Another day out the office (I attended Interiors Birmingham Expo last week) and this time for The Future of Social Media conference, hosted at The Cumberland Hotel, London. Social Media is something that has varying degrees of understanding. I’m sure even the the Social Media pros still debate the true definition. Rohit Bhargava summed up Social Media neatly in a couple of words – demystifying the often over-complicated versions:
“Social Media is where people are sharing information socially like comments, discussions, photos, music, etc (not just blogs, twitter, YouTube)”
Rohit Bhargava, SVP Marketing, Ogilvy
As usual I took notes, but in the end I’ve decided to write this post on *just* one of the presentations – actually a workshop – from the conference. Kevin Lawver, Chief Architect, Music Intelligence Solutions entitled: Making Marketing More Human Through Technology
Here are some of my take-away’s from Kevin’s presentation:
- Social Media is a “Silly Term” – all media is social, all media begs commentary
- Cluetrain Manifesto (1999) – was a prophecy, not a manifesto
- Social Media is about the all the conversation
- Social Media is about: Following them , starting them and joining them
- Every online community is a tribe
- Feed reader – get it. It’s the fastest way to scan and track the right conversations
- Google alerts – important
- Twitter: The web’s dinner party
- Constant partial attention phenomenon
- Starting conversations: get a blog – validate humanity
On Twitter:
- Don’t just broadcast
- Be useful
- Don’t follow everyone
- Don’t be annoying
- Do follow those who follow you
- Offer support where you can
- Follow: @garyvee, @zappos, @twalk, @railsmachine, @halcyon
- Twitter’s not for marketing – it’s PR. Some argue that Twitter is Marketing and some argue that’s they’re both (My tweet and the subsequent responses from @EEPaul, @BenLaMothe and @kaigani)
- Don’t inflict rules for bloggers in corporate environments – they’ll do their own thing.
The future:
- Reputation – biggest missing piece out there.

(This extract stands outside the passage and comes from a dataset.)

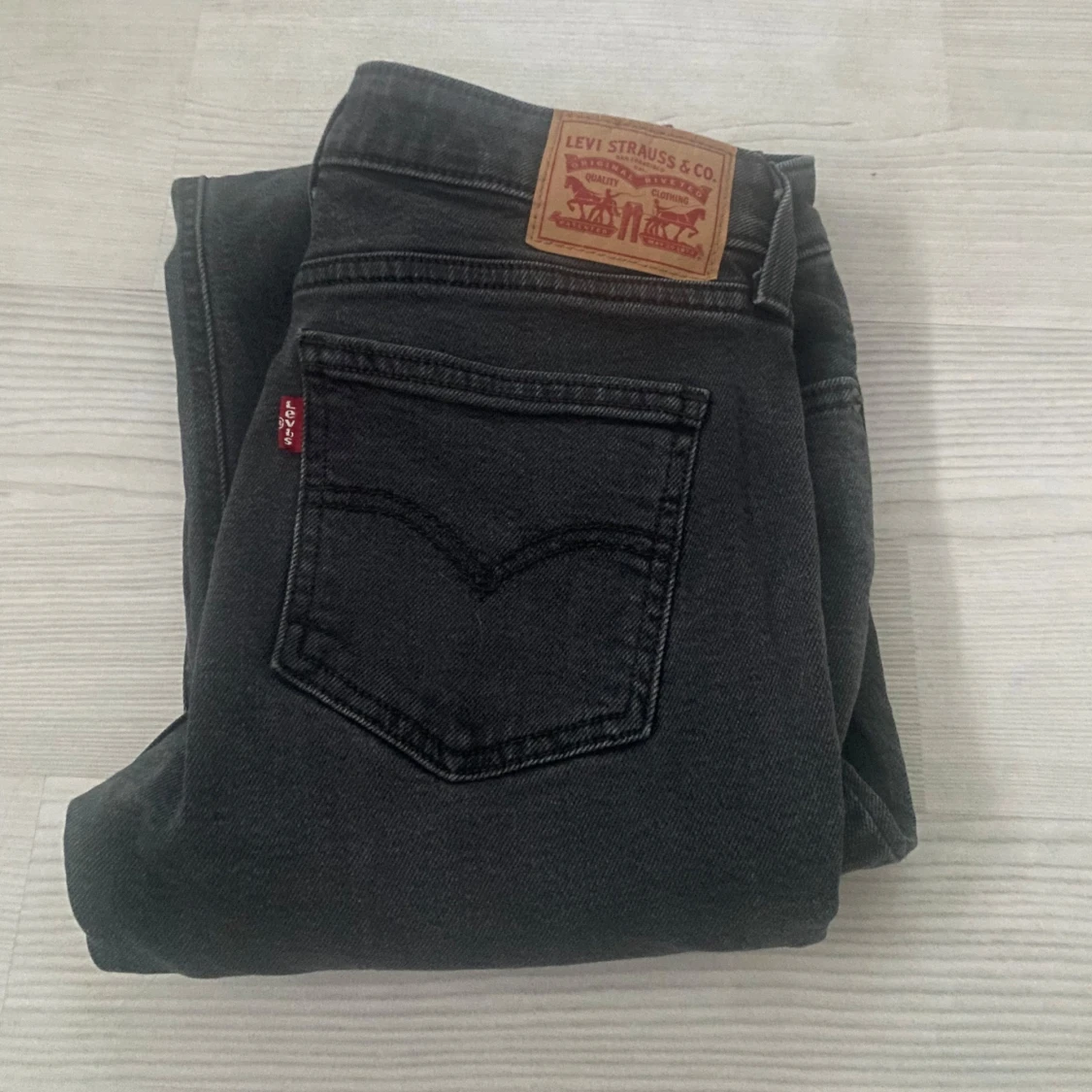 Svarta Levis jeans bootcut low waist - 90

Creating ‘Reputation Models’
- Aggregators – people love these. FB’s wall is interesting
- API Traps – need to make sure that they’re around for soem time – if they go down what happens?
- Activity Streams – slow uptake, but people love it.
The Presentation:
Tags: conference, fosm, Social Media

Hi Rob
Great report. I wish I had made the conference.
Your post suggests a real shift from the previous conference three months ago. Back then, it was all about the excitement of social media. Now your post reads as if there was focus on communities, ROI and research. The siren calls have been heard.